Problem: What you return must be the lines from the first one below through the one containing "Solar LED Sunflower", exactly and with pictures excluded.

Data shown:

==*==

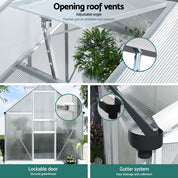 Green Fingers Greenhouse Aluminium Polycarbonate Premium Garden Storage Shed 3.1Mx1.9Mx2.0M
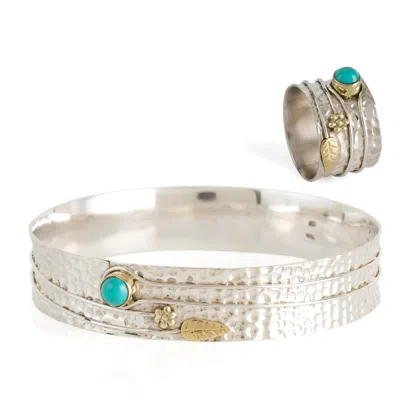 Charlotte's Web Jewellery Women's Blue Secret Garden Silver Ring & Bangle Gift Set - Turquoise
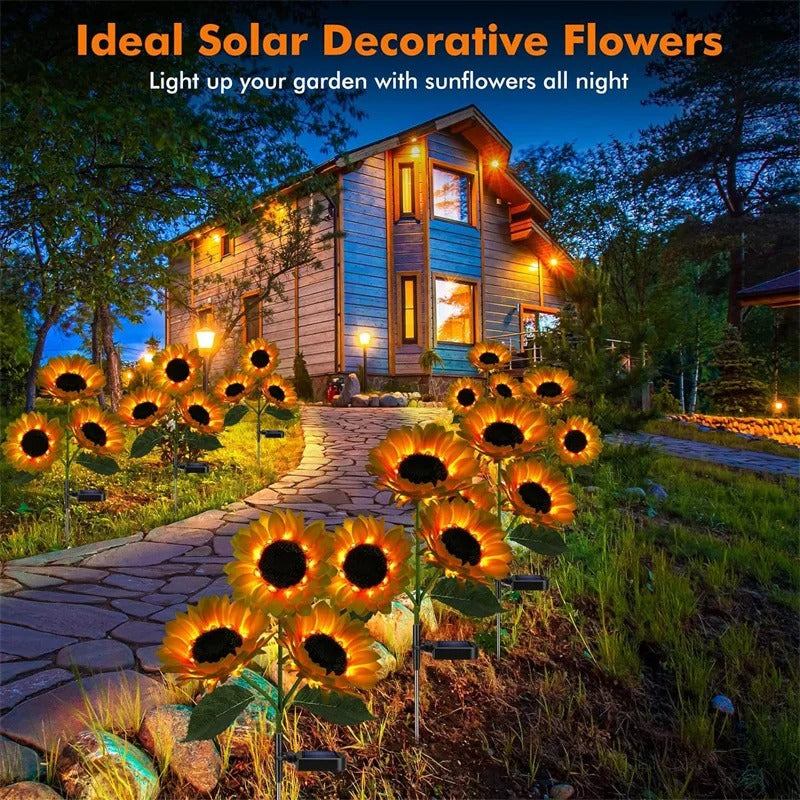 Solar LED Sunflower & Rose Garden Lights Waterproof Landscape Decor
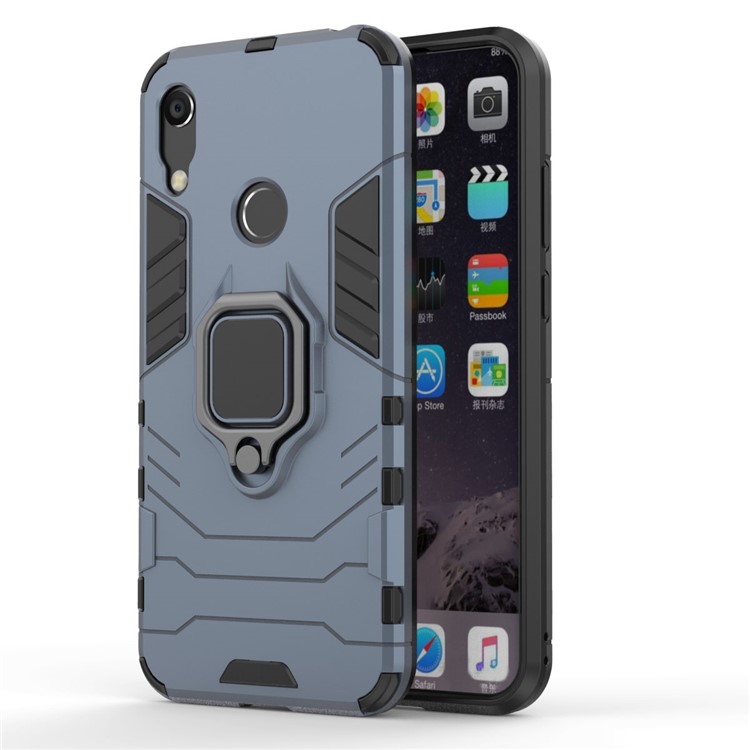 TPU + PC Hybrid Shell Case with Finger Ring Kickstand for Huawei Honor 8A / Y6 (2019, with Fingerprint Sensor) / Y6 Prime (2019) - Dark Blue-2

==*==

Problem solution:
 Green Fingers Greenhouse Aluminium Polycarbonate Premium Garden Storage Shed 3.1Mx1.9Mx2.0M
 Charlotte's Web Jewellery Women's Blue Secret Garden Silver Ring & Bangle Gift Set - Turquoise
 Solar LED Sunflower & Rose Garden Lights Waterproof Landscape Decor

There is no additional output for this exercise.